There's also the fact that Apple remains the trailblazer in the tablet sector. It has the cash, the will, the infrastructure and the guaranteed launch success - not to mention the software support - to drive the products forward into territory that its competitors fear to tread. Take the New iPad for example - it is defined by its Retina screen, which in turn required enormous battery and processor upgrades. Remarkably, Apple's latest tablet has battery capacity around 20 per cent higher than that of the 11-inch Macbook Air.

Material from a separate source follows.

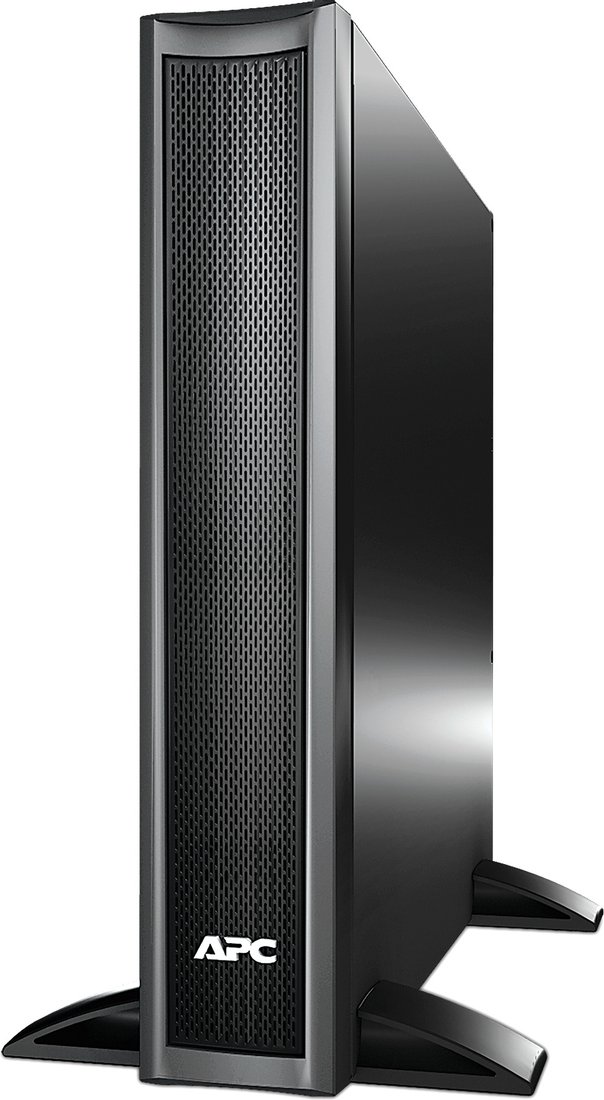 

Внешний батарейный блок APC SMX48RMBP2U (48В/22 А·ч)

In short, the firm targeted the display upgrade as the defining element of its third-gen tablet and moved heaven and earth to make it happen.
In a market sector defined to a great extent by technological advancement, it's hard to imagine any of Apple's rivals pushing back new frontiers with anything like the same kind of zeal - and there is perhaps a sense that, as games machines at least, there is some missed potential here. Even though Tegra 3 lacks 3D performance compared to the IMG tech in the iPad, it is clearly capable enough for current mobile gaming - but next year, everything changes. The same 28nm chip production technology that makes the next-gen consoles possible, and that has made NVIDIA's Kepler GPUs so powerful and efficient, will also reach mainstream mobile production.
Tegra 3 will be superseded by NVIDIA's Project Wayne - said to offer a whole new level of graphical performance, offering a real challenge to performance leaders IMG. At the higher end of the scale, Intel's next CPU - which could well end up in a second-gen Surface Pro - is believed to offer a 2x to 3x graphical boost over the current HD4000 tech. Based on our recent integrated graphics testing, conceivably we could see Battlefield 3 and Crysis 2 running at 60 frames per second - on a tablet.
But it's almost certain that Apple will take point on this new gaming revolution. Next year's iPad - hotly tipped to incorporate the new ARM Cortex A15 architecture and IMG's PowerVR Rogue chipset sees a leap in performance that should see the tablet's raw gaming potential reach and even exceed current-gen console levels, with the added benefit of DirectX 11-level GPU features. At that point, the platform becomes a viable target for AAA games development. Remember the first time you saw Infinity Blade on mobile? That is just a hint of where the platform could be heading - and while Google and Microsoft race to catch up with the current-gen iPad, once again it'll be Apple that pushes the game to the next level.